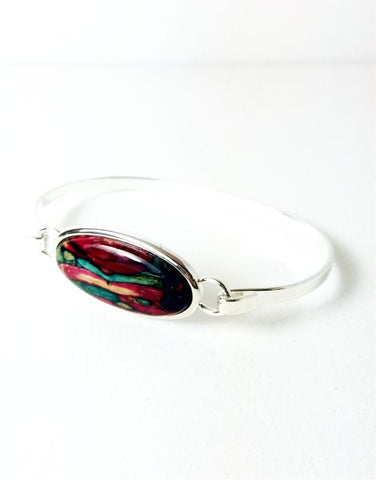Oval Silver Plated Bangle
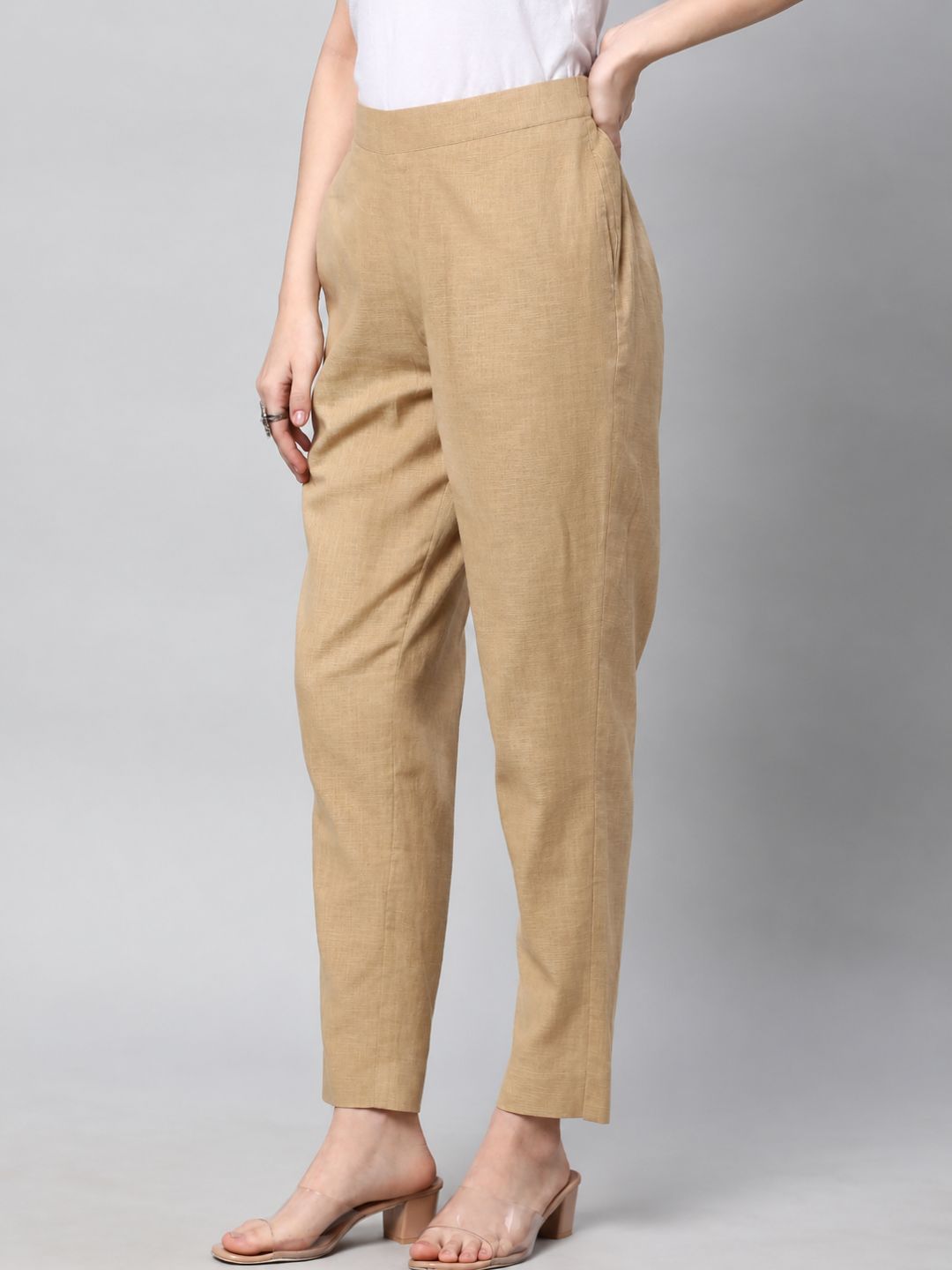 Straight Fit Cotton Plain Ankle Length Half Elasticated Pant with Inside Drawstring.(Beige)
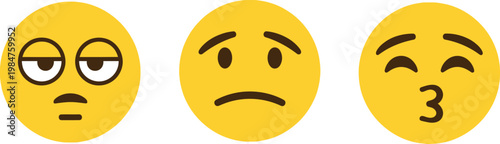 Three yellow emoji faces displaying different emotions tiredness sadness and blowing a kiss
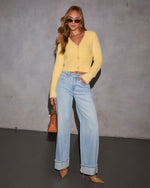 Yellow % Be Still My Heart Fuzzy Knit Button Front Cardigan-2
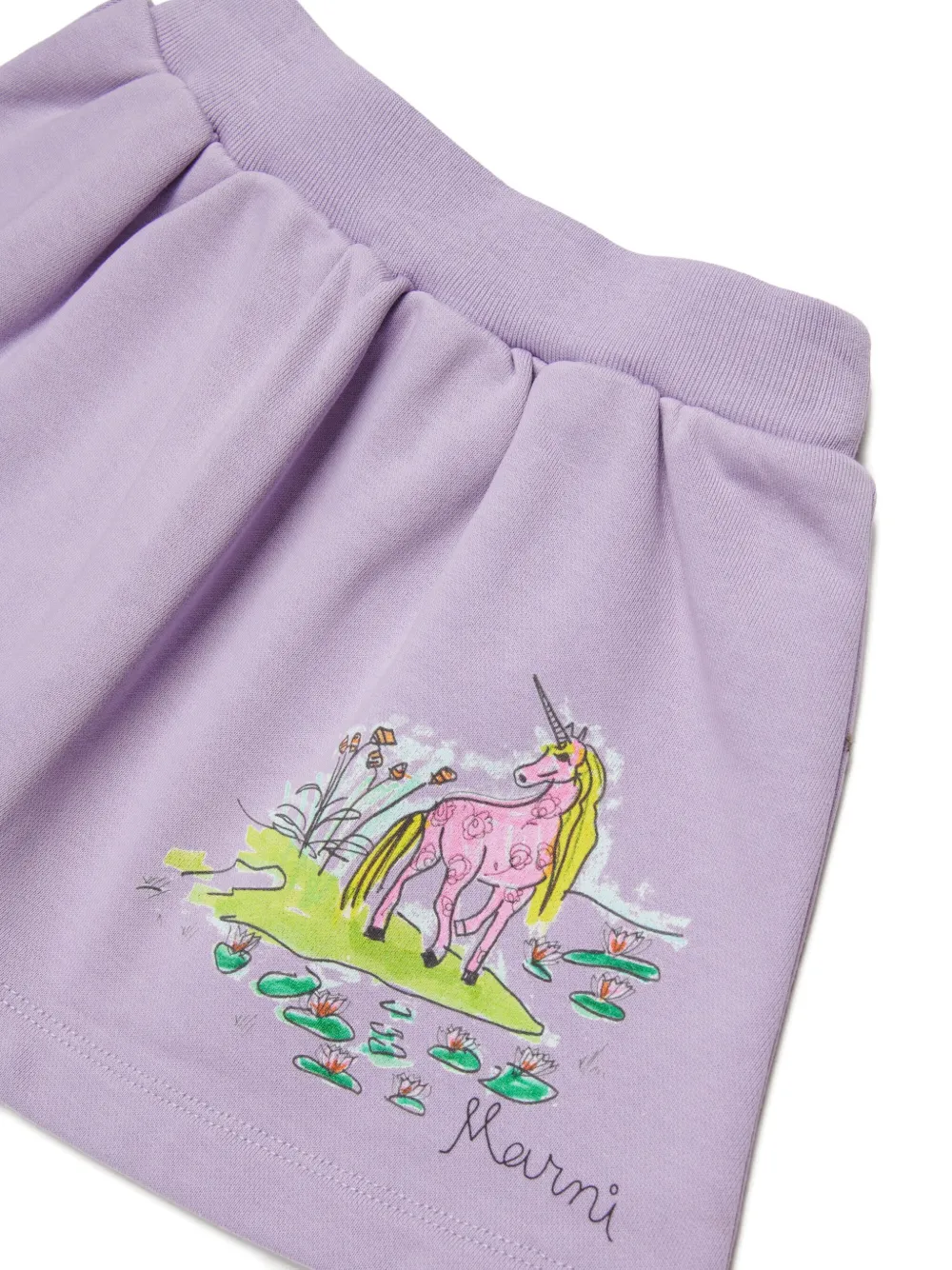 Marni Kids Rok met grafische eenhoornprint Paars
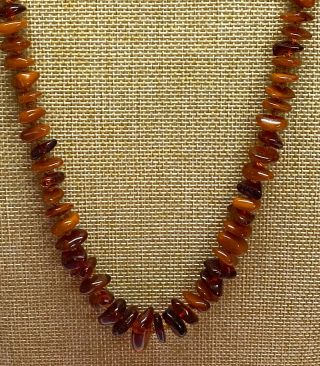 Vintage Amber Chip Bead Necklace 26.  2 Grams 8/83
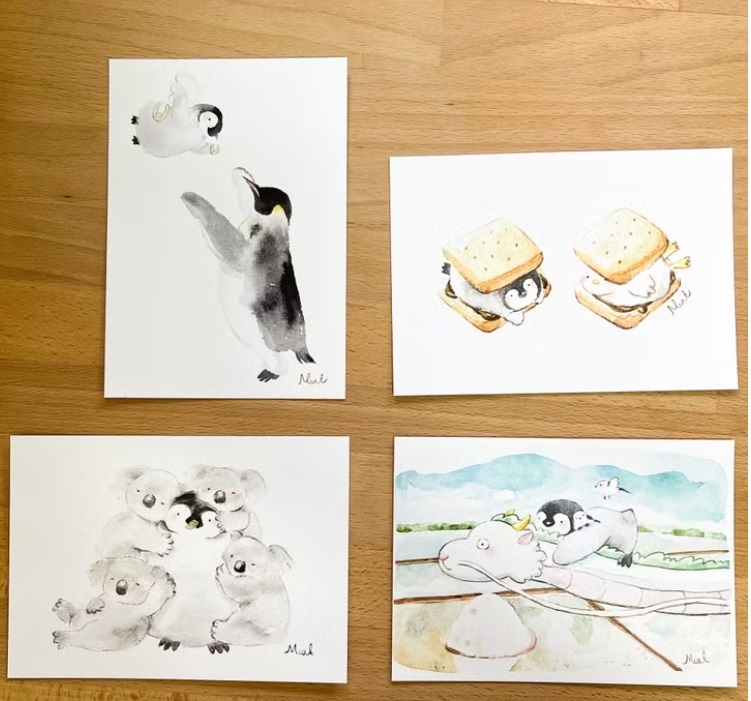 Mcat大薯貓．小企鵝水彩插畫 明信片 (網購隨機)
--
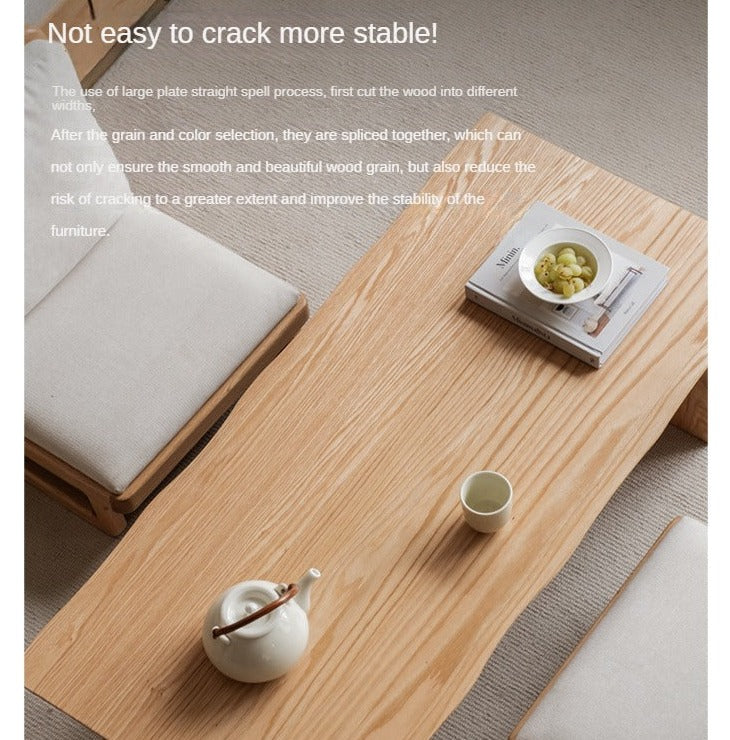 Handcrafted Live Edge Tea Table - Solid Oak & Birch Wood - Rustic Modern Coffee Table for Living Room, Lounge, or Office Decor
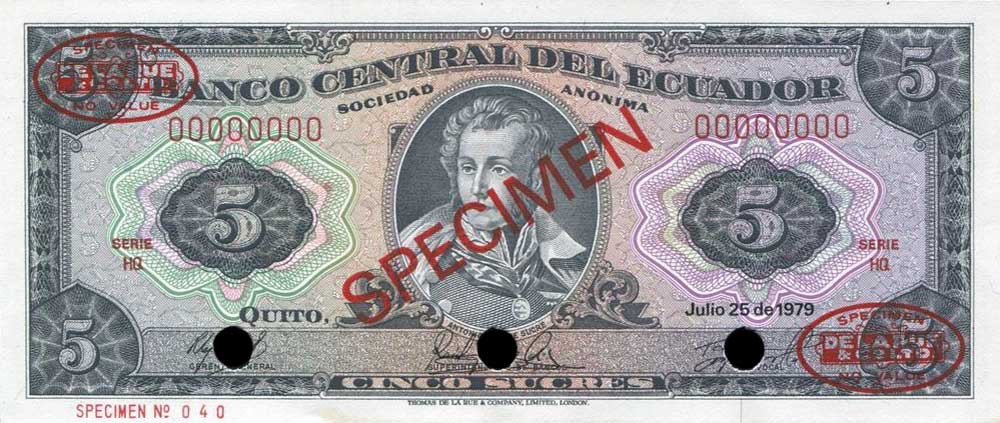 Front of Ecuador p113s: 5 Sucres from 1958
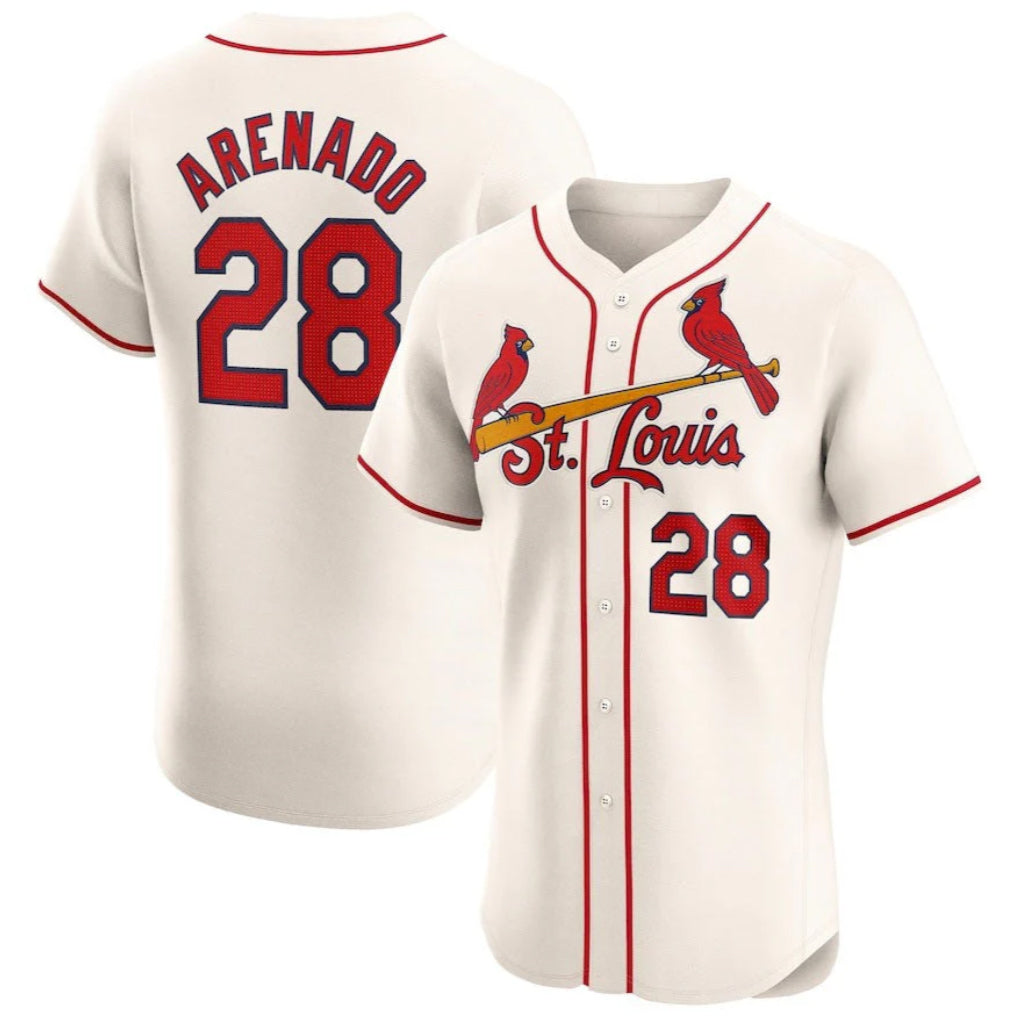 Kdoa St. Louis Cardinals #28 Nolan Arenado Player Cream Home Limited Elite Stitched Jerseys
---
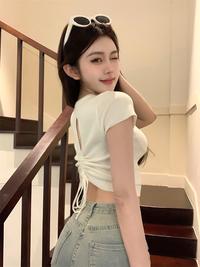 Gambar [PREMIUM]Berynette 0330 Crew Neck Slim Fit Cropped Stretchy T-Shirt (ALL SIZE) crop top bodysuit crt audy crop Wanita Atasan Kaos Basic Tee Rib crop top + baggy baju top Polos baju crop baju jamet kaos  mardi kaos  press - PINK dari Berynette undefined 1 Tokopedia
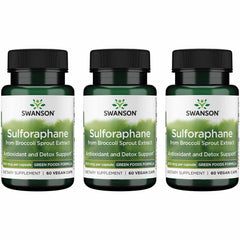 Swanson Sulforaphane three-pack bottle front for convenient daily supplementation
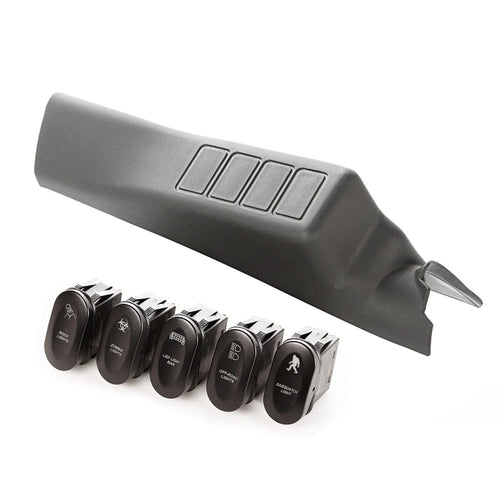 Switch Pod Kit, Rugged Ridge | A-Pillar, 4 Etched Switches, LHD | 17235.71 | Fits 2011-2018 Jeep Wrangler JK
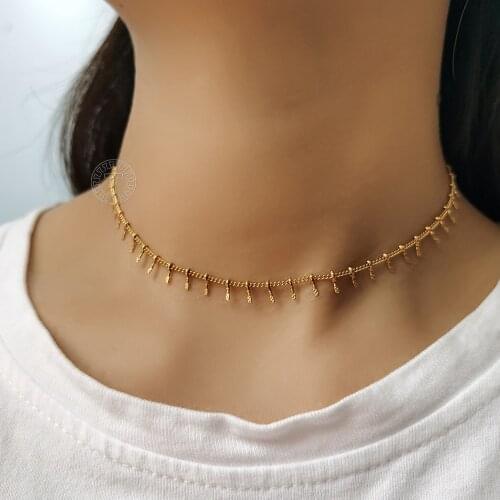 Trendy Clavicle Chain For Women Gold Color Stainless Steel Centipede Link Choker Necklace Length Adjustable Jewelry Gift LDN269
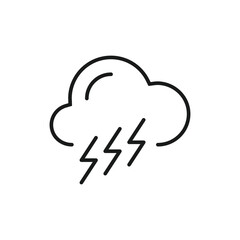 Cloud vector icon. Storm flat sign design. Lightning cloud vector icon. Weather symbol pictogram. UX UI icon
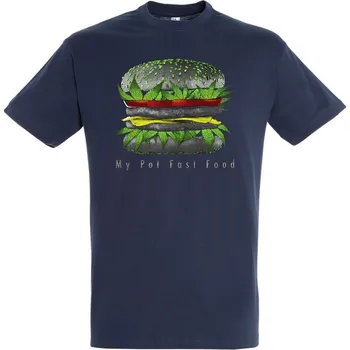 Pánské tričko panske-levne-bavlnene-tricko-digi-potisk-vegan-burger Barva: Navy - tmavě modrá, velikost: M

◆ **Description of the task**
Reproduce the listing above exactly from the line containing "Oval Silver Plated Bangle" up to and including the line containing "Mcat大薯貓．小企鵝水彩插畫 明信片 (網購隨機)", omitting any images and everything outside those lines.

◆ **Reply**
Oval Silver Plated Bangle
 Straight Fit Cotton Plain Ankle Length Half Elasticated Pant with Inside Drawstring.(Beige)
 Three yellow emoji faces displaying different emotions tiredness sadness and blowing a kiss
 Yellow % Be Still My Heart Fuzzy Knit Button Front Cardigan-2
 Marni Kids Rok met grafische eenhoornprint Paars
 Vintage Amber Chip Bead Necklace 26.  2 Grams 8/83
 Mcat大薯貓．小企鵝水彩插畫 明信片 (網購隨機)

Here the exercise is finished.